Alfa Romeo ne renonce pas, et les Bimotore sont engagées sur le grand prix de l’Avus, un circuit de très haute vitesse, avec des lignes droites interminables qui sont censées mieux convenir au monstre. Mais la malchance semble s’acharner. Lors du transport des voitures et des pièces détachées de Tripoli à Modène, une caisse contenant des jeux d’engrenages fut perdue. De ce fait, les voitures durent courir sur l’Avus avec des rapports de boîte inadaptés, ne permettant pas d’exploiter pleinement la puissance des moteurs.


Le résultat ne fut donc guère plus brillant. Lors de la manche 1, Nuvolari fut blessé au bras droit par un morceau de pare-brise qui s’était détaché et ne put se qualifier pour la manche 2. Louis Chiron adopta une conduite prudente et réussit, sans changer de pneus, à décrocher la 4e place, mais encore une fois loin des Allemandes. Ferrari dut se résoudre à l’évidence, comme le dira un célèbre slogan de Pirelli plus tard : sans maîtrise, la puissance n’est rien !

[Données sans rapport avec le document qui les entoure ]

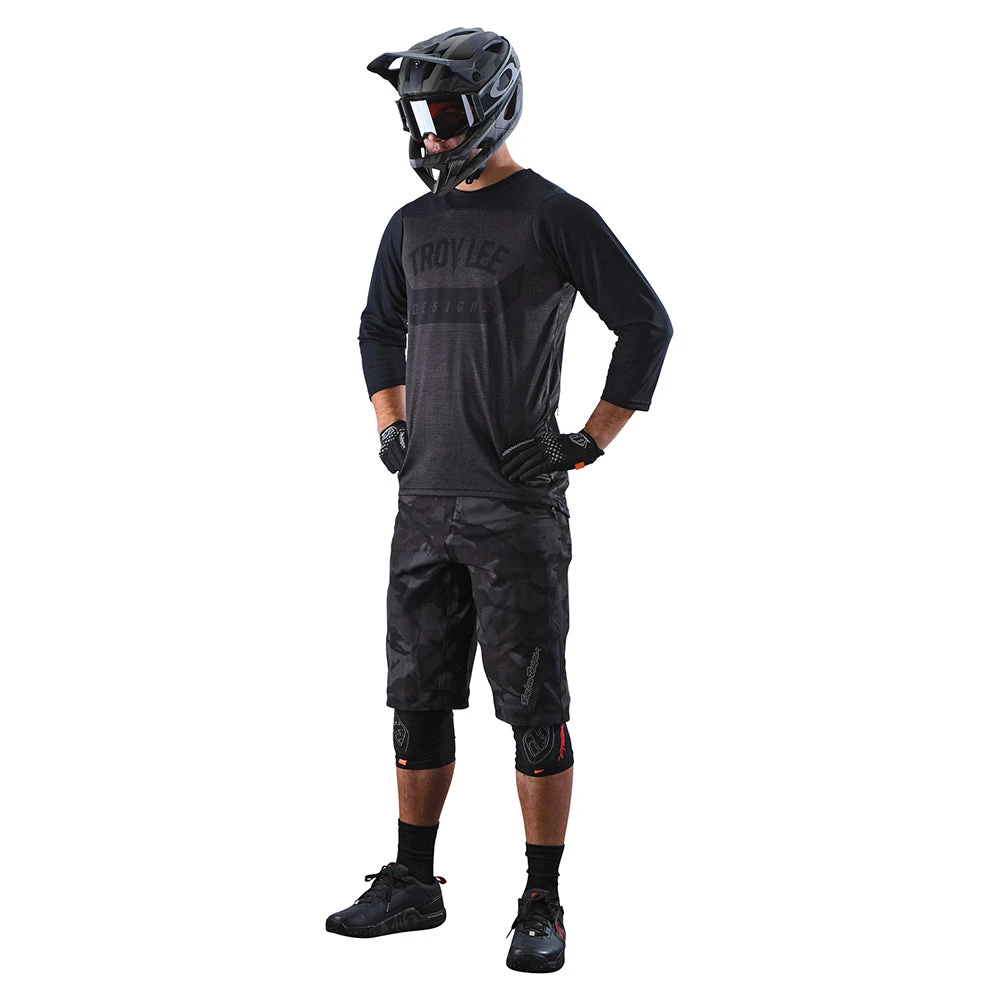Troy Lee Designs Ruckus Short W/Liner Spray Camo Black - Image 5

Nuvolari, passablement agacé par la voiture, mit le holà : on ne pouvait rien tirer de la Bimotore en course, trop lourde, tueuse de pneus et difficile à manœuvrer. Le développement fut stoppé, et Alfa Romeo décida de revenir à une P3 évoluée, dotée de nouvelles suspensions et d’un 8 cylindres de 3.2 litres. Nuvolari saura s’en servir avec maestria au grand prix du Nürburgring, quelques semaines plus tard.

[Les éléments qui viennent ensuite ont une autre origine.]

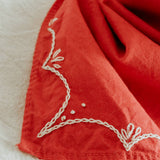 Rodeo Cotton Bandana in Red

Un record pour partir la tête haute
La Bimotore ne pouvait cependant rester sur un échec. Nuvolari fut ainsi sollicité pour aller chercher des records. En juin, il vise le record de vitesse du kilomètre et du mile lancés, sur la toute nouvelle autoroute Firenze-Mare. Le Mantouan volant (peut-être le seul assez dingue pour le faire surtout !) remporte le record de classe B (entre 5000 et 8000cc), à la vitesse de 321,428 km/h sur le kilomètre lancé et 323,125 km/h sur le mile lancé, avec une pointe à 364 Km/h ! Une fois ce « lot de consolation » acquis, la Bimoteur fut définitivement dirigée vers un garage des ateliers de la Scuderia Ferrari, avant d’être vendue à un pilote amateur anglais, qui la fit courir à Donington et Brooklands, mais dans une configuration à 1 moteur.